Page Précédente

Rights court condemns France over Syria repatriation refusals


Wednesday, 14 September, 2022 , 12:04

Strasbourg, France, Sept 14, 2022 (AFP) — The European Court of Human Rights condemned France on Wednesday for refusing to repatriate two of its female citizens being held in Syria after joining their Islamist extremist partners.

French authorities should promptly re-examine the request by the women's parents to let them return home, the court said, saying there had not been sufficient reviews to ensure against "arbitrariness" of the refusal.

But it did not issue a blanket ruling that all French citizens held in Kurdish-run camps in Syria since the fall of the Islamic State group should be repatriated, as requested by rights groups and Western allies including the United States.

"Neither domestic law nor international law required the state to act on behalf of its nationals and to repatriate them," said the court based in Strasbourg, eastern France.

It also acknowledged that the global fight against terrorism presents "new challenges in terms of security and defence in the fields of diplomatic and consular protection, international humanitarian law and international cooperation".

Ahead of a French review of the repatriation request, the court ordered the government to pay one set of parents 18,000 euros ($18,000) and the other 13,200 euros in damages and costs.

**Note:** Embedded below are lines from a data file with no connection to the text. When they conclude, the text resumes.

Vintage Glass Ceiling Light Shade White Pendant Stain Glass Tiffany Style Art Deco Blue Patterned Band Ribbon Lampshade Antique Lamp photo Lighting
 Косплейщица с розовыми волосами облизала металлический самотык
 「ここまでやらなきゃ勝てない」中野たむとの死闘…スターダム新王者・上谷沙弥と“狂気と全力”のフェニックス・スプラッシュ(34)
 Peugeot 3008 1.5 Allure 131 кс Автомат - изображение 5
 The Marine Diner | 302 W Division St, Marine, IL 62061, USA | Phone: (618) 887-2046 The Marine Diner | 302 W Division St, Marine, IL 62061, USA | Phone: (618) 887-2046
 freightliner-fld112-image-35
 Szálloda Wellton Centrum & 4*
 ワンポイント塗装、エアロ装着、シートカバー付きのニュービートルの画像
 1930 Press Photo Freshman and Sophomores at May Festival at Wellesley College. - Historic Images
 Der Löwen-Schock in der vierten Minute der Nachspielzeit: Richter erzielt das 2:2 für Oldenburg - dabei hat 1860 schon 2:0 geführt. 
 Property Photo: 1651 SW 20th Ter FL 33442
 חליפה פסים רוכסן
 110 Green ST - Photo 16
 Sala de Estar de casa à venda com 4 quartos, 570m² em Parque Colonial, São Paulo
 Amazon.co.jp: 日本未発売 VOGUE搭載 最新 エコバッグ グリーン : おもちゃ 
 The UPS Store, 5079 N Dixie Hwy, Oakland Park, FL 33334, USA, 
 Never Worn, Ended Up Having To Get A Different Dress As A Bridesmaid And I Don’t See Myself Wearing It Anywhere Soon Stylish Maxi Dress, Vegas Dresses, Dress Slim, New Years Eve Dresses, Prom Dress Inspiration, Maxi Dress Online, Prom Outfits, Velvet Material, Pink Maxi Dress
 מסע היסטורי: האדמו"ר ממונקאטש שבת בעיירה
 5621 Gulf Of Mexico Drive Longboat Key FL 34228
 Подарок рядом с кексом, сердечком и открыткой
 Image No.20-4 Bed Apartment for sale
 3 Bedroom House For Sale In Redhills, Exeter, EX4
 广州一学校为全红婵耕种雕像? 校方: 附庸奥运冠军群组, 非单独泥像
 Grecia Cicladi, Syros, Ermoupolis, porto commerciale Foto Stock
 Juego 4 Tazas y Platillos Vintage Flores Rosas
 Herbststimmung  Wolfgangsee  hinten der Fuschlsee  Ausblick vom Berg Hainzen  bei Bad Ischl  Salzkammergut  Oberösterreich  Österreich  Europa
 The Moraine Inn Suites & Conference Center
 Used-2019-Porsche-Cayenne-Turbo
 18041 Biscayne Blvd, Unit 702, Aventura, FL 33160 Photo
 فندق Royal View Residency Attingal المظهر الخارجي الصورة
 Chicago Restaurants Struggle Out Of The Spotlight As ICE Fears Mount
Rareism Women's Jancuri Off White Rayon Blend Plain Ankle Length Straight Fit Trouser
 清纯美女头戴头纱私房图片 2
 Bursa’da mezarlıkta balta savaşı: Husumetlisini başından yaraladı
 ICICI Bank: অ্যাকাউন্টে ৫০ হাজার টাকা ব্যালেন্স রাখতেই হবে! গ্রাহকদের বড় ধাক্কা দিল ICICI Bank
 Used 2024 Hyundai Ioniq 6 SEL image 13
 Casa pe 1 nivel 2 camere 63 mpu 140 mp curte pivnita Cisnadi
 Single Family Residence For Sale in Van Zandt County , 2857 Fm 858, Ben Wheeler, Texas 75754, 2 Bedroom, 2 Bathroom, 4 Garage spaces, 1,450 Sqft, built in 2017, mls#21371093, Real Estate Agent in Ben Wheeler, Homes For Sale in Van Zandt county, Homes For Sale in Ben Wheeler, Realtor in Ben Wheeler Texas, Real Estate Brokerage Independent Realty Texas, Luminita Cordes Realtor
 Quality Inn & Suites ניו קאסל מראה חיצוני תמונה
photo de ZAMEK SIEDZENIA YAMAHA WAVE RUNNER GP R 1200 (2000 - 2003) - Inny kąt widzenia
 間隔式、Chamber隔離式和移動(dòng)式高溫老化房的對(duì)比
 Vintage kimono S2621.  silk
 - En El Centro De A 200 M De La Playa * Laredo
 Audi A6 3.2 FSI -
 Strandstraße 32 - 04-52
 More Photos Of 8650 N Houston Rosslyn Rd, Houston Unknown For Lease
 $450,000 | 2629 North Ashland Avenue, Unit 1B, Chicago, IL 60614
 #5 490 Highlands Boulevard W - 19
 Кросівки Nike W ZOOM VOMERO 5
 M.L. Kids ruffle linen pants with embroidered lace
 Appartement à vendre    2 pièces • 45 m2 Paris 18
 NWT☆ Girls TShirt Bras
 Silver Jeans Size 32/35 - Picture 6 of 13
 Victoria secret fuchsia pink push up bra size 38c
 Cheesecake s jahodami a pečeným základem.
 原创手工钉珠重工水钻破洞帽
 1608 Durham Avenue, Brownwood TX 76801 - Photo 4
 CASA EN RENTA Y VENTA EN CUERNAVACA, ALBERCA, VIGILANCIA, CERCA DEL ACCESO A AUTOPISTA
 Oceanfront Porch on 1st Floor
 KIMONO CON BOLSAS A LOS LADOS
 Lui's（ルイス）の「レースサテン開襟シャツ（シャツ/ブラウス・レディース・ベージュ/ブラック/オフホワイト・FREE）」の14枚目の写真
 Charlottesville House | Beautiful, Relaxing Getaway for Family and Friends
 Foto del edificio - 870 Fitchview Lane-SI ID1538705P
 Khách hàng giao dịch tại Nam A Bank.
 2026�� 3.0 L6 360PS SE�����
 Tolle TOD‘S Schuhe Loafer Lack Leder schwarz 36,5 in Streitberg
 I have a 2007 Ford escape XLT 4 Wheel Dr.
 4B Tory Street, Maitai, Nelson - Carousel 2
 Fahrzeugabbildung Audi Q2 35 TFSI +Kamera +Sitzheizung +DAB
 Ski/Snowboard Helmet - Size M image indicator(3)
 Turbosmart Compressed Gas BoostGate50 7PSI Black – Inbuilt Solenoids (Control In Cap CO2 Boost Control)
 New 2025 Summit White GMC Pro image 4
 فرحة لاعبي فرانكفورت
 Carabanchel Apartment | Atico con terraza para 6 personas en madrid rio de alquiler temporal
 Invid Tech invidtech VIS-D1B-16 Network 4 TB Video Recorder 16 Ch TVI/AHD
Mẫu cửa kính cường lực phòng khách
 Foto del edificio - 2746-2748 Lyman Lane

"France cannot forbid French citizens from its territory," said Marie Dose, a lawyer for one of parents.

- Security risks? -

Repatriations are hugely controversial in France, which has seen a wave of jihadist terror attacks since 2015 that have killed more than 250 people.

Other European countries such as Belgium and Germany have recovered most of their citizens who left to join the jihadist fight in Syria.

But the French government has long refused to return its citizens, saying jihadist fighters and their families would pose security risks.

Until last July, when 51 women and children were brought back from Syria, authorities had only returned a handful of women and children, including many orphans, on a "case by case" basis.

Earlier Wednesday, sources confirmed to AFP that one of the women was the widow of one of the jihadist attackers who stormed the Bataclan concert venue in Paris in November 2015.

She and the other women have been charged with associating with terrorists and imprisoned.

"We didn't wait for the ECHR decision to move forward," government spokesman Olivier Veran said after the ruling.

"We have already adapted the rules for examining the repatriation of French citizens still in northeast Syria. Each case, which at their core involve human beings, are subject to careful review," he said.

- Thousands of foreigners -

The case before the ECHR was filed by two couples who had pleaded with the French government directly and via courts for the return of their daughters, as well as grandchildren born after their arrival in Syria.

Both women were among hundreds of foreign nationals arrested and detained with their children after the defeat of the IS "caliphate" by Western-backed Kurdish forces in 2019.

The parents said they were held at least initially at the Al-Hol camp in northeast Syria, where rights groups have denounced harrowing sanitary conditions, malnutrition and overcrowding.

Since the detainees' health and lives were in danger, the parents argued that France had an obligation to return its citizens home, as ensured by articles in the European Convention on Human Rights.

The court agreed that "the general conditions in the camps had to be considered incompatible with applicable standards under international humanitarian law".

As a result, it said the French refusal should have been reviewed "by an independent body, separate from the executive authorities of the state", to ensure the decision was not arbitrary.

It also noted that the United Nations and other international bodies, as well as Syrian Kurdish forces themselves, have been urging European nations to repatriate citizens who left to join jihadists in Syria and Iraq.

On Monday, the head of the US armed forces' Central Command urged nations around the world to repatriate their citizens from Al-Hol, which holds some 56,000 people.

Most are Syrians or Iraqis, but an estimated 10,000 are wives and children of Islamic State group fighters from other countries, many of whom are still thought to be highly radicalised.